**Captioned web images**

************

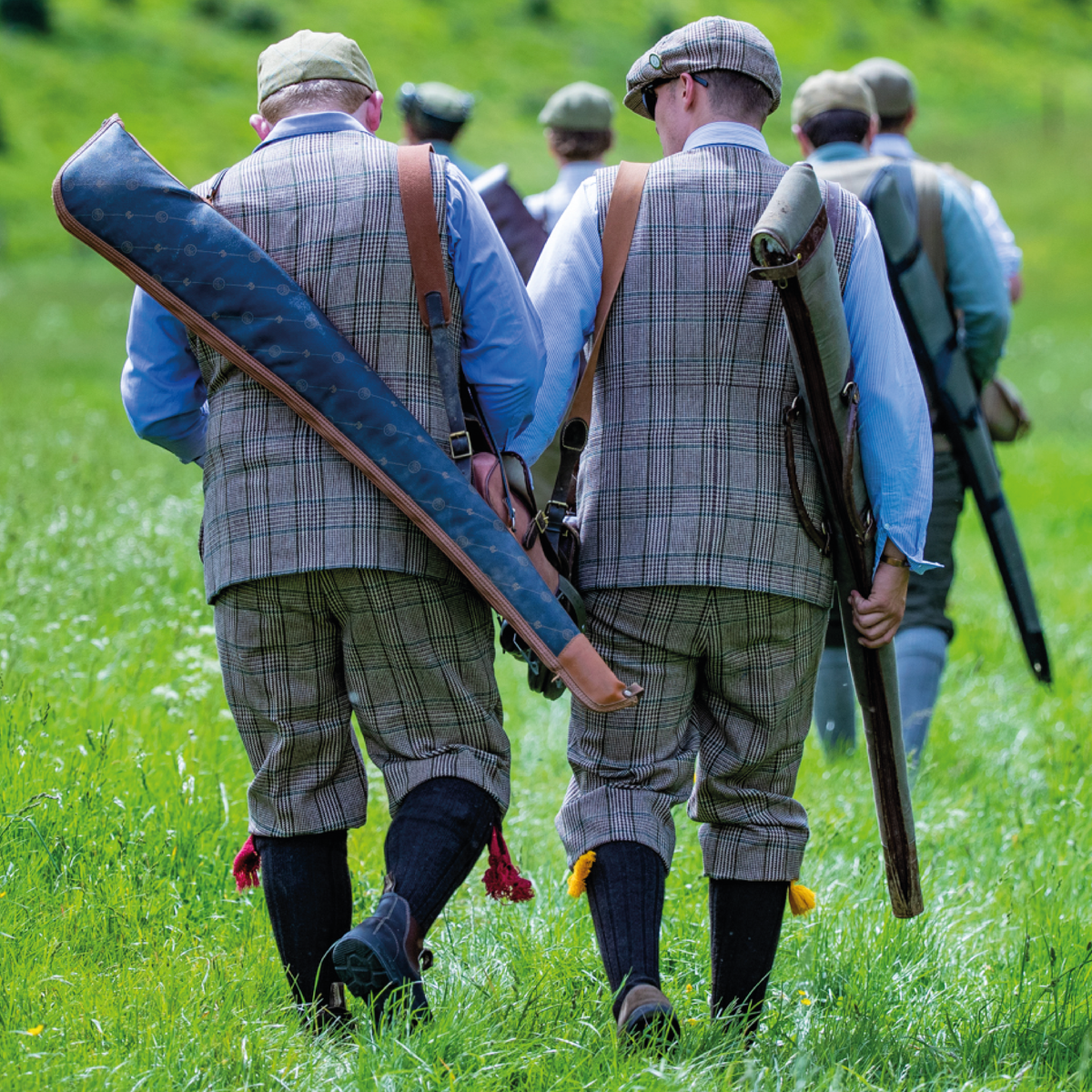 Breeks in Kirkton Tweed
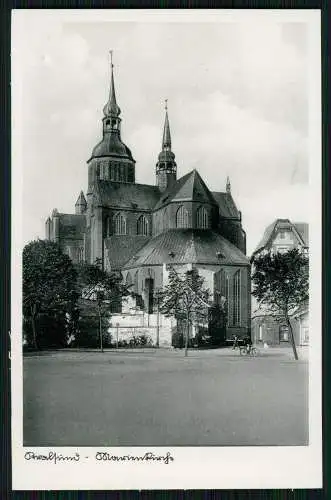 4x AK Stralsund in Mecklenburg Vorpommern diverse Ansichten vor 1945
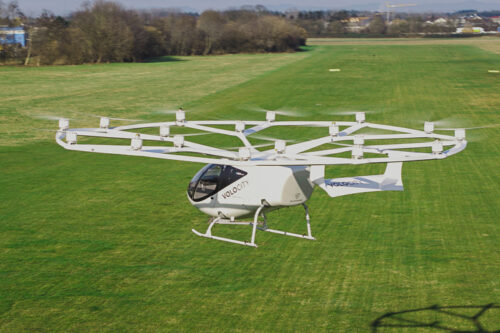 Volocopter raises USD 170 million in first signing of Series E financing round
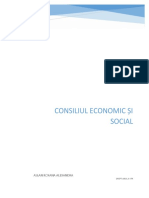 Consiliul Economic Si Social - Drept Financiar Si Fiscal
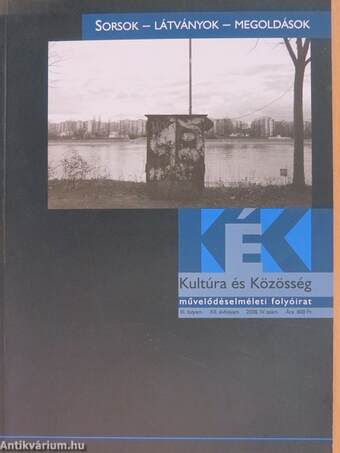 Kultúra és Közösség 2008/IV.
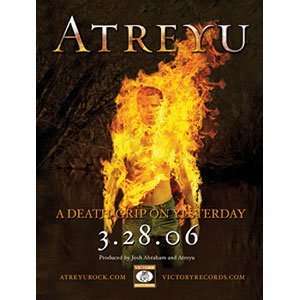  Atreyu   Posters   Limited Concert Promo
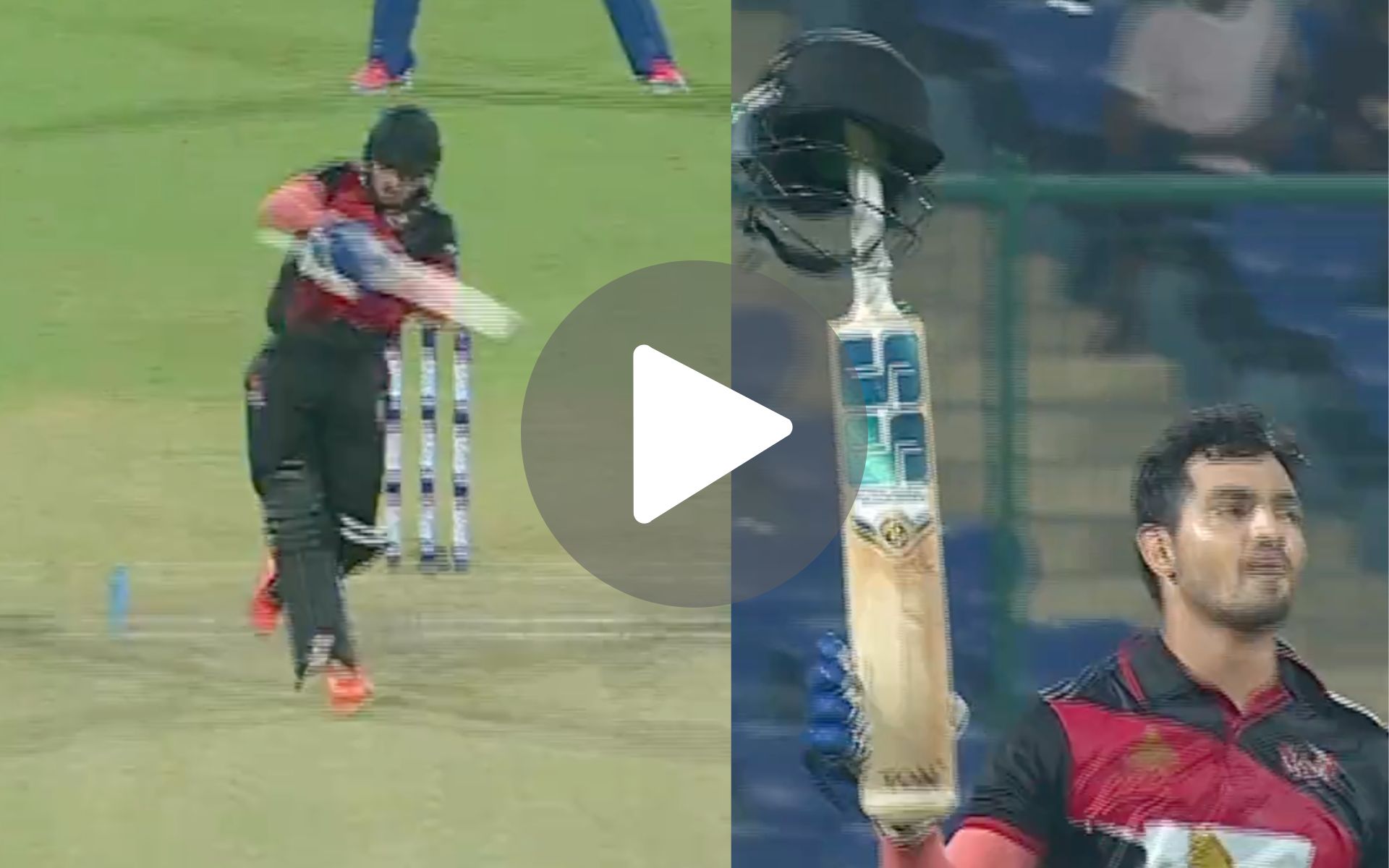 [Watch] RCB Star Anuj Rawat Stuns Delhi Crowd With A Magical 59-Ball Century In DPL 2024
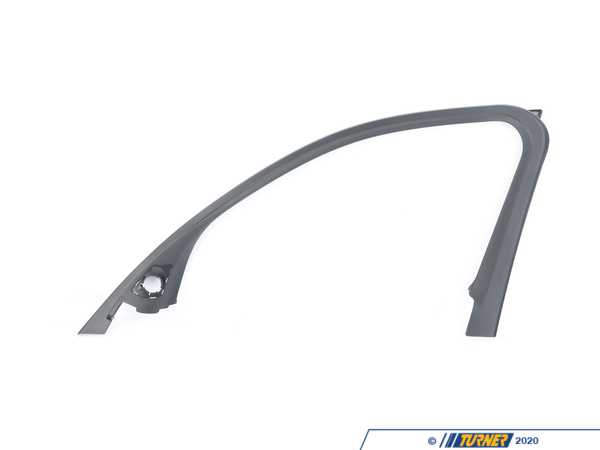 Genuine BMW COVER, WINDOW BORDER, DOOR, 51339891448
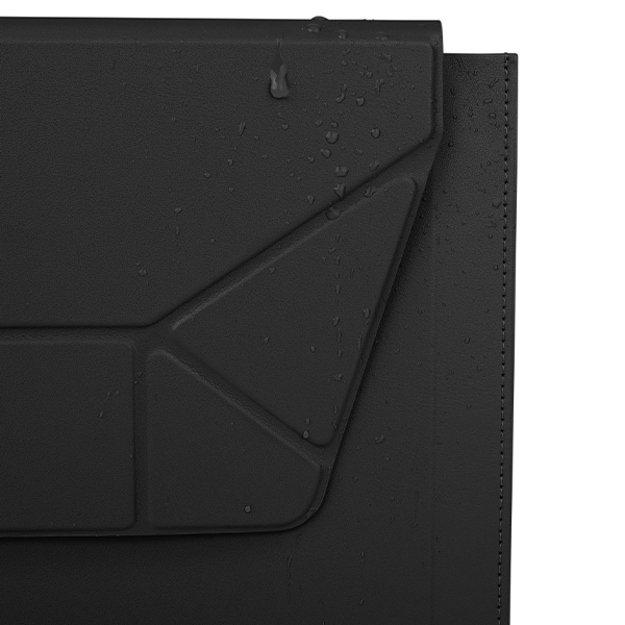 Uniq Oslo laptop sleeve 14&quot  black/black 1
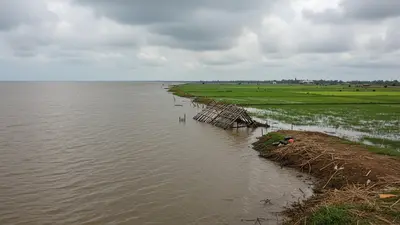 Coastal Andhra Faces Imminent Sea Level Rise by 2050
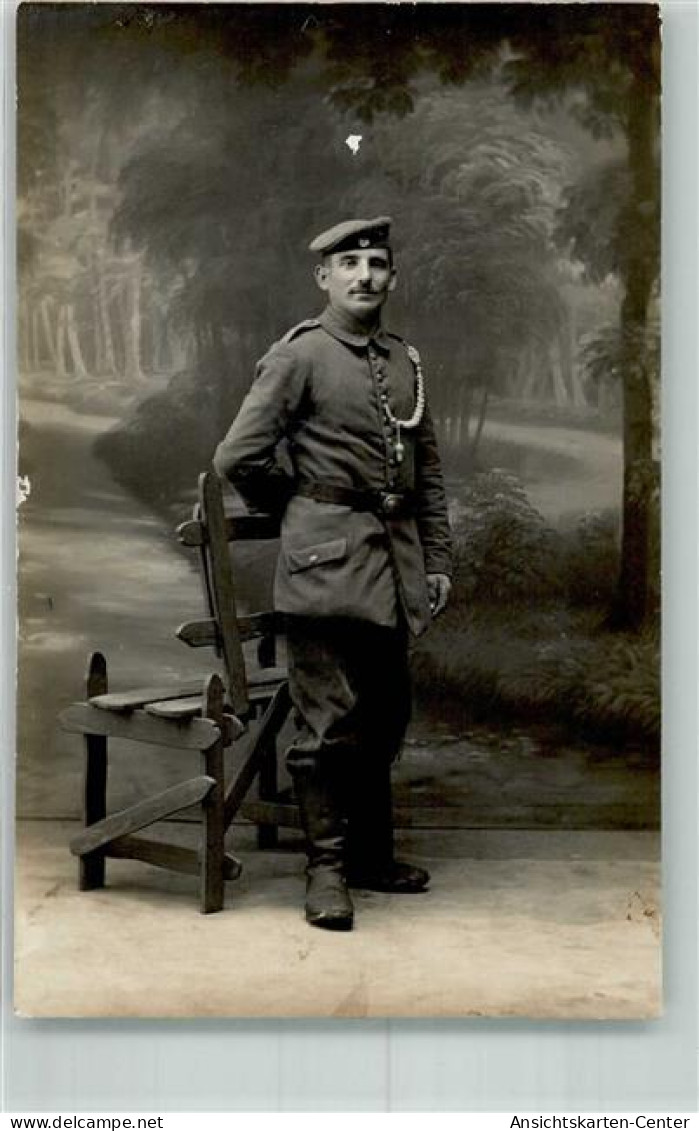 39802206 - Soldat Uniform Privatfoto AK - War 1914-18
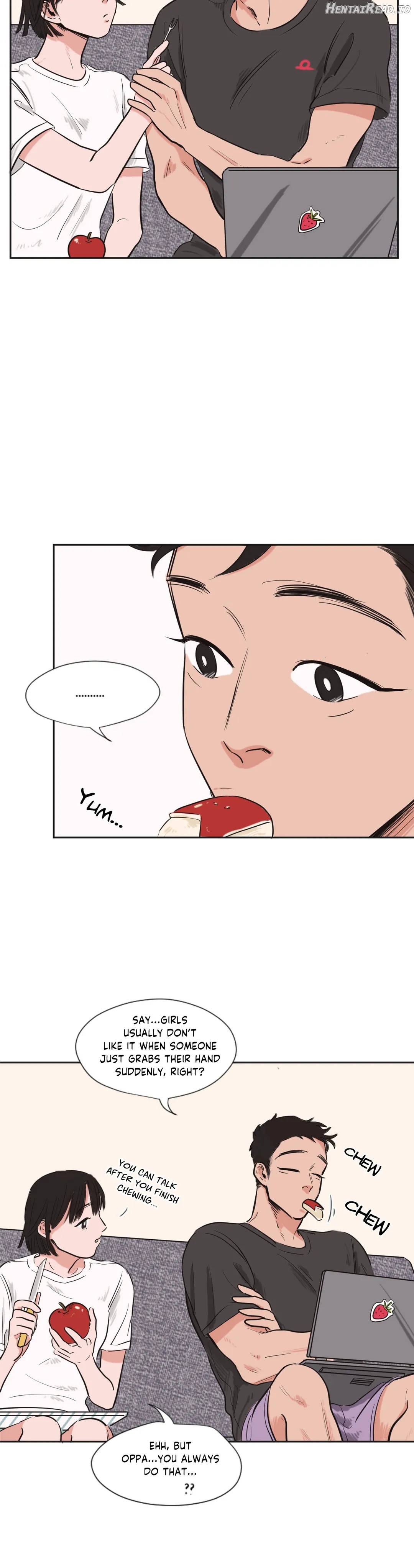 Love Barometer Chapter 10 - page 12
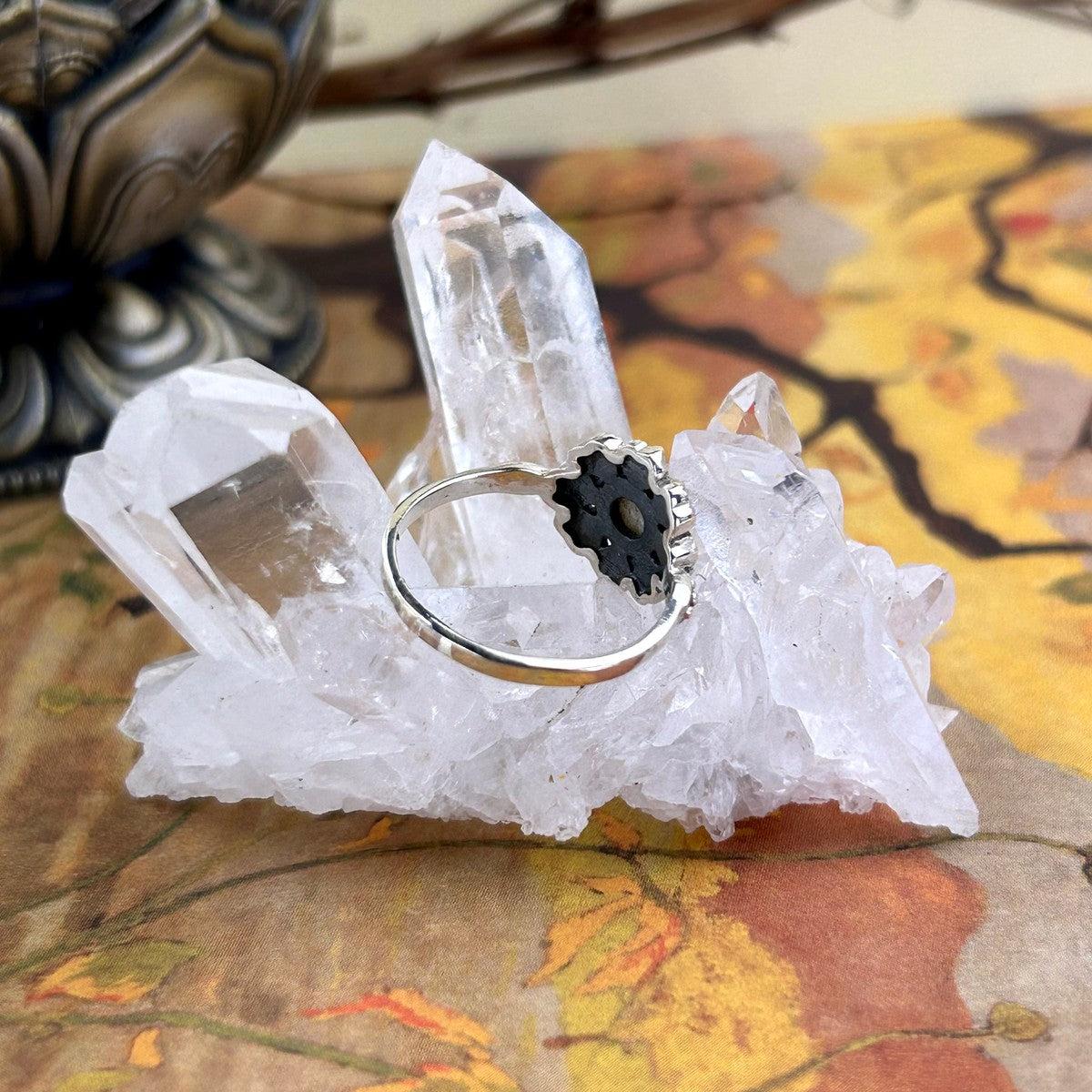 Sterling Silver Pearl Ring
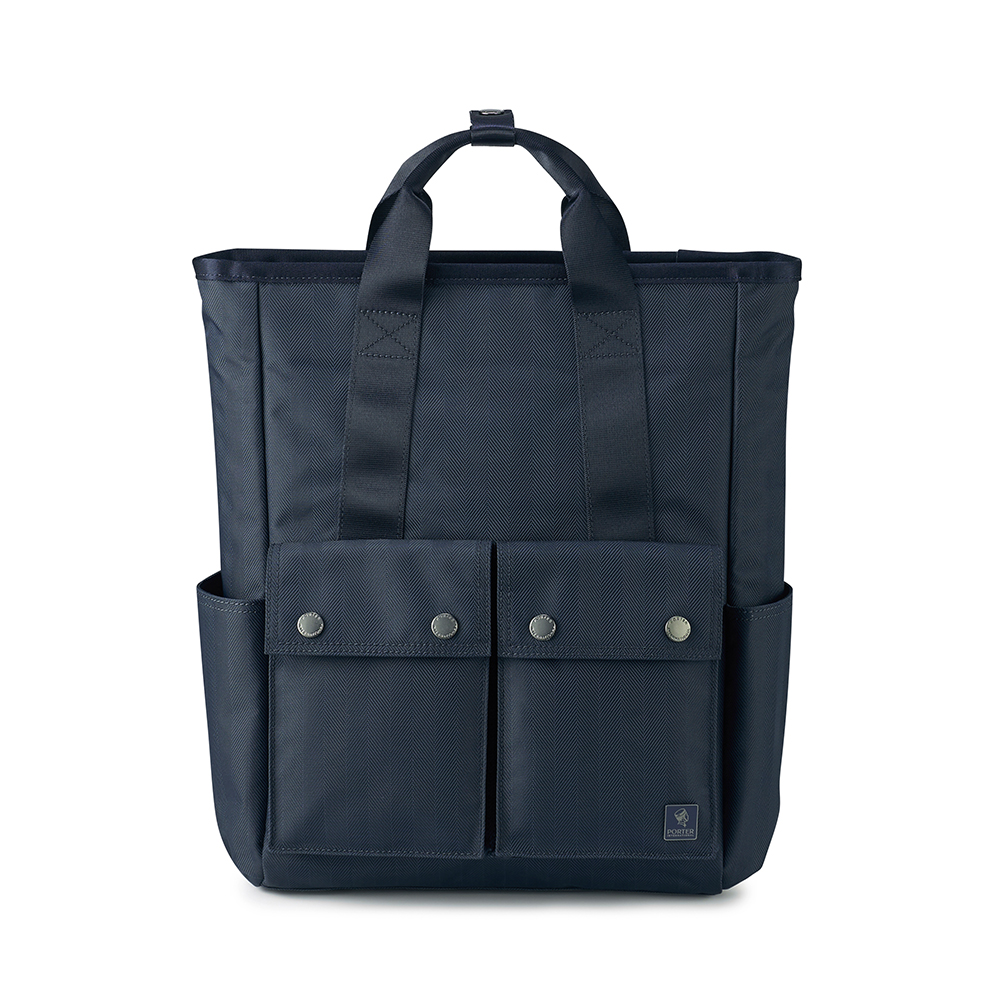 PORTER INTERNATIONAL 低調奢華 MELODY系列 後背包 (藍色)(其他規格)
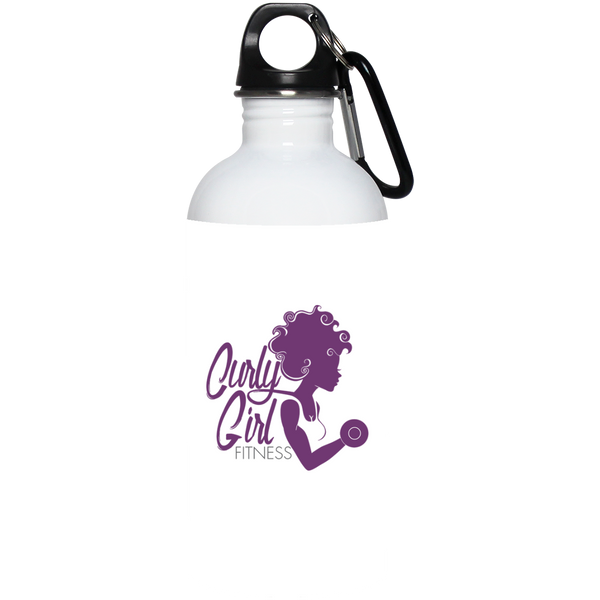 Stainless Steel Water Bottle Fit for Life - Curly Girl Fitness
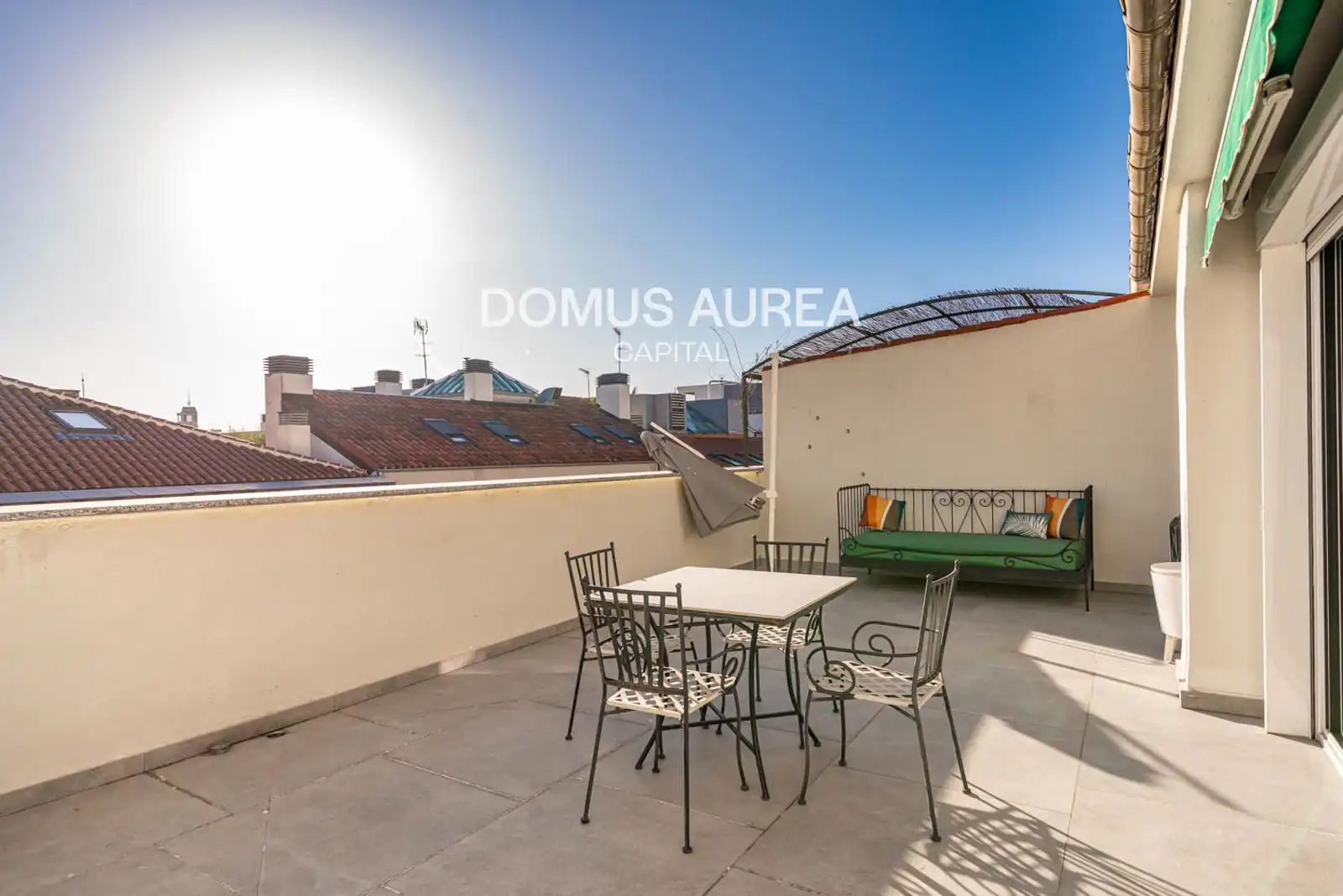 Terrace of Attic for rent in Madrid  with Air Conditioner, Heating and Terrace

************

Output each line above exactly as it stands, omitting the pictures.

**Written response**
 Breeks in Kirkton Tweed
 4x AK Stralsund in Mecklenburg Vorpommern diverse Ansichten vor 1945
 Volocopter raises USD 170 million in first signing of Series E financing round
 Consiliul Economic Si Social - Drept Financiar Si Fiscal
 Kultúra és Közösség 2008/IV.
  Atreyu   Posters   Limited Concert Promo
 [Watch] RCB Star Anuj Rawat Stuns Delhi Crowd With A Magical 59-Ball Century In DPL 2024
 Genuine BMW COVER, WINDOW BORDER, DOOR, 51339891448
 Uniq Oslo laptop sleeve 14&quot  black/black 1
 Coastal Andhra Faces Imminent Sea Level Rise by 2050
 39802206 - Soldat Uniform Privatfoto AK - War 1914-18
 Love Barometer Chapter 10 - page 12
 Sterling Silver Pearl Ring
 PORTER INTERNATIONAL 低調奢華 MELODY系列 後背包 (藍色)(其他規格)
 Stainless Steel Water Bottle Fit for Life - Curly Girl Fitness
 Terrace of Attic for rent in Madrid  with Air Conditioner, Heating and Terrace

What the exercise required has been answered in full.